Take nothing but the lines from the one with "NWT SMALL LULAROE" through the one with "Used 2020 Chevrolet" in the entries below, both ends kept, and return them exactly with pictures left out.
------ Listed entries
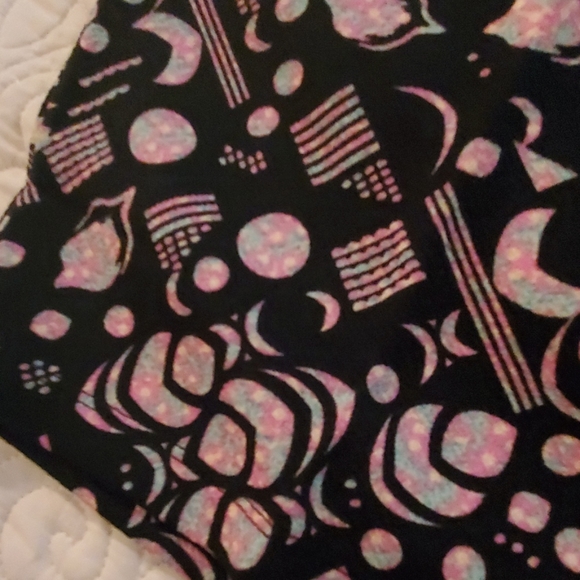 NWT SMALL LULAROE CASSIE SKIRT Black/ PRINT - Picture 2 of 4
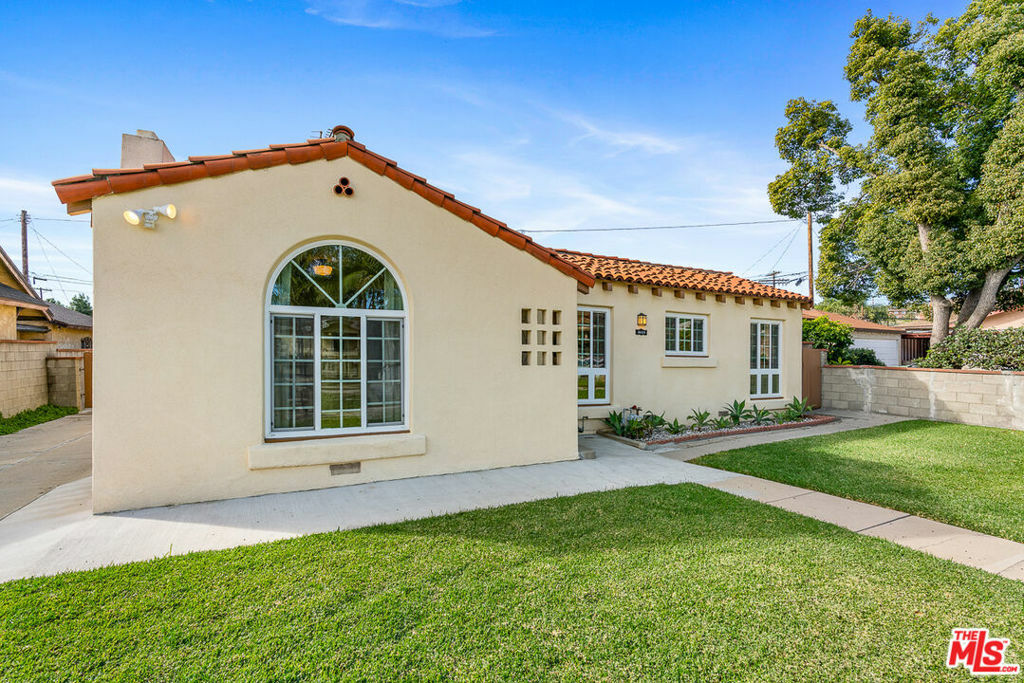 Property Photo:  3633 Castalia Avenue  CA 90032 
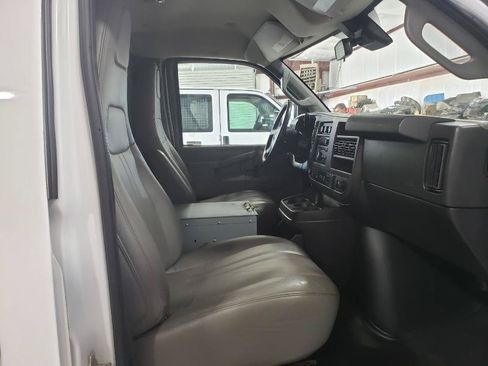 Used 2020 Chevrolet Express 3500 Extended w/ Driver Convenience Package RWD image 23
------------
------ Listed entries
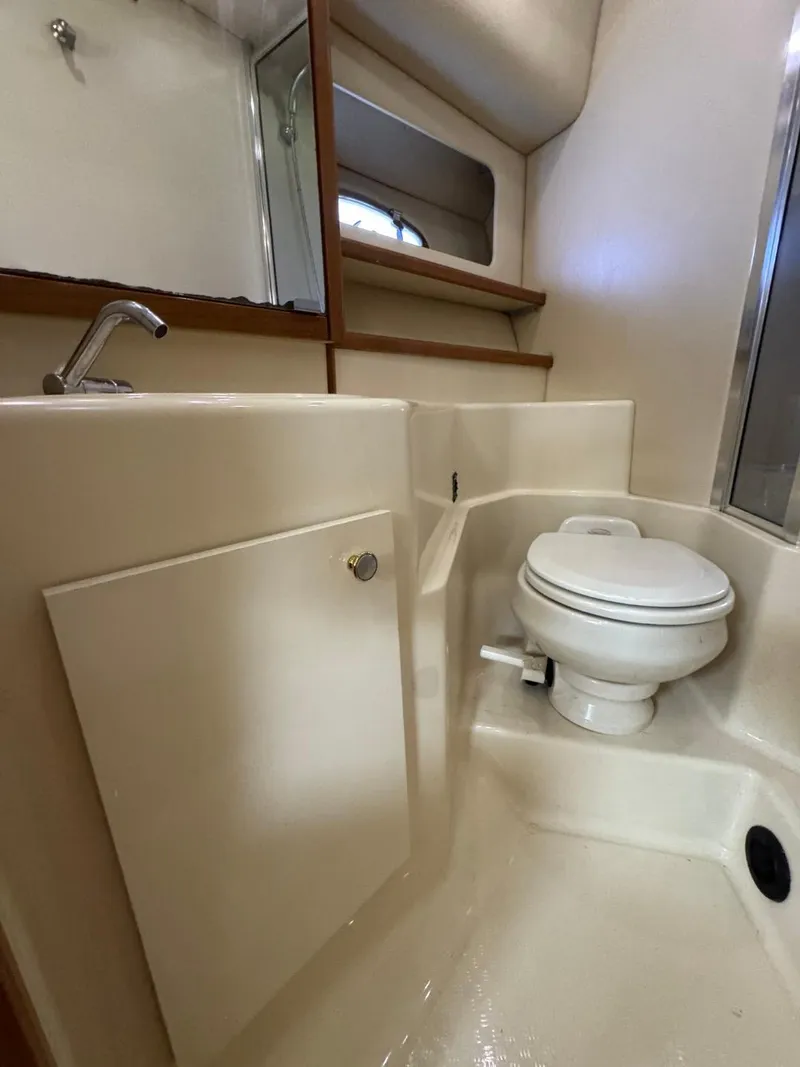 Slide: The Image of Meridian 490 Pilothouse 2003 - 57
------------
Answer to the exercise:
 NWT SMALL LULAROE CASSIE SKIRT Black/ PRINT - Picture 2 of 4
 Property Photo:  3633 Castalia Avenue  CA 90032 
 Used 2020 Chevrolet Express 3500 Extended w/ Driver Convenience Package RWD image 23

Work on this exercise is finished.